Problem requirements » Where does the string "into" appear in the records? Copy every line that contains it.

Supplied material »

[Start of Attachment]

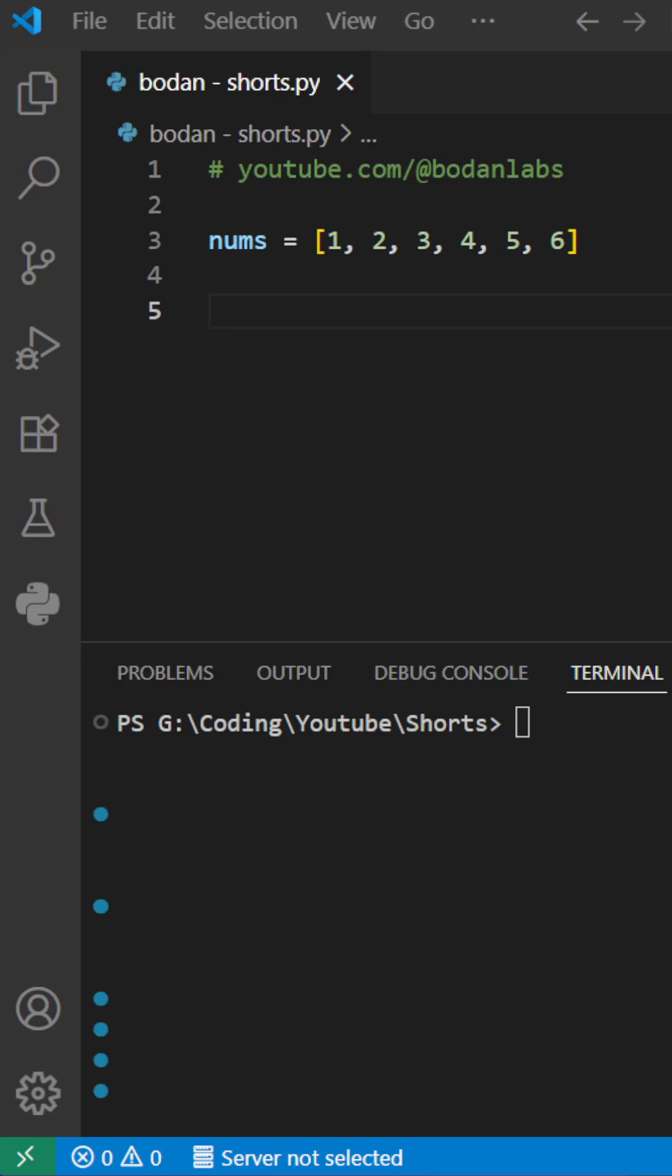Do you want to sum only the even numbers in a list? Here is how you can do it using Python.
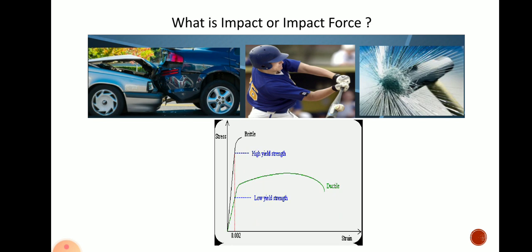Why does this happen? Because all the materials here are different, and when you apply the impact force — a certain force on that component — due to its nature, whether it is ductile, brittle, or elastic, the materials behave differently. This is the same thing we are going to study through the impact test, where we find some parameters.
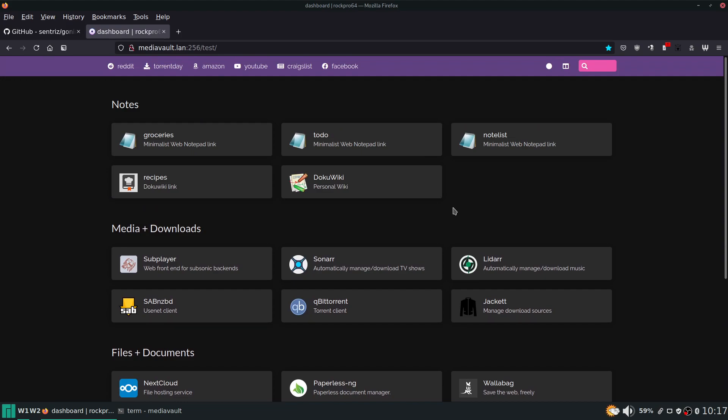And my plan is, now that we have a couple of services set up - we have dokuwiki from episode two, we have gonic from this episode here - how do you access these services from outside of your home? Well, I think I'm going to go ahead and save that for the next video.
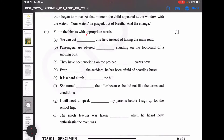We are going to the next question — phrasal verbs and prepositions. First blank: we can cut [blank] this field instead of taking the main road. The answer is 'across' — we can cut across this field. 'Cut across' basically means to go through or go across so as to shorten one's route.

[End of Attachment]
[Start of Attachment]

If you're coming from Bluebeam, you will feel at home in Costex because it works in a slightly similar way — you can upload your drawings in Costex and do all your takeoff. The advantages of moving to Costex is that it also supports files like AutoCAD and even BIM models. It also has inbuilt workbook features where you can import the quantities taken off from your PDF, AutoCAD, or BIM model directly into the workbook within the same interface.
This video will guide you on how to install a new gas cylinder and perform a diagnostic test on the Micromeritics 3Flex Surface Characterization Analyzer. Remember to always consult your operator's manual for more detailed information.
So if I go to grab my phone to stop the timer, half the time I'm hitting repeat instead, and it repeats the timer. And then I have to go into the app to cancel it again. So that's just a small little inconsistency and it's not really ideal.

[End of Attachment]
[Start of Attachment]

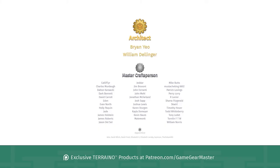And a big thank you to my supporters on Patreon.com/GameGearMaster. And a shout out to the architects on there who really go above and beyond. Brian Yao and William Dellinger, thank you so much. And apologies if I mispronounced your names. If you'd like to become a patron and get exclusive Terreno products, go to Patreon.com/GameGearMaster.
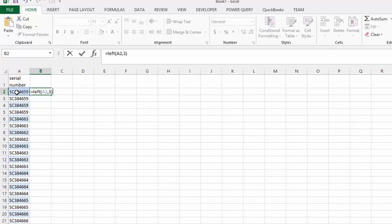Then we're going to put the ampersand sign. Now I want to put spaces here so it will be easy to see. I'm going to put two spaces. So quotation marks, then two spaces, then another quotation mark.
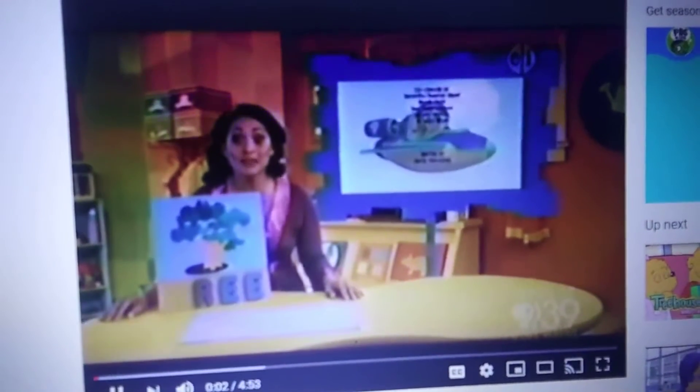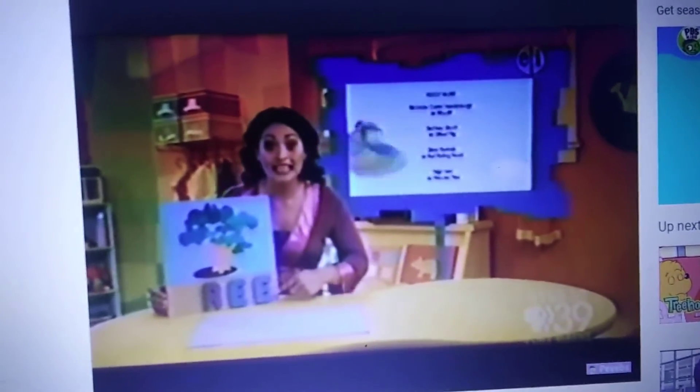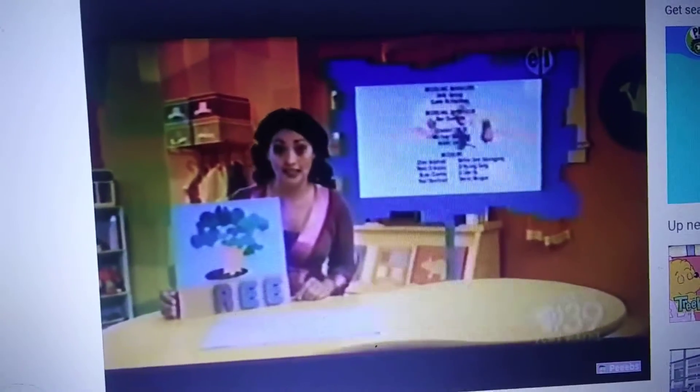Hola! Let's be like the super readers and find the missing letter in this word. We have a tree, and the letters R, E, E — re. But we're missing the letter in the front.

[End of Attachment]

Problem solution »
If you're coming from Bluebeam, you will feel at home in Costex because it works in a slightly similar way — you can upload your drawings in Costex and do all your takeoff. The advantages of moving to Costex is that it also supports files like AutoCAD and even BIM models. It also has inbuilt workbook features where you can import the quantities taken off from your PDF, AutoCAD, or BIM model directly into the workbook within the same interface.
So if I go to grab my phone to stop the timer, half the time I'm hitting repeat instead, and it repeats the timer. And then I have to go into the app to cancel it again. So that's just a small little inconsistency and it's not really ideal.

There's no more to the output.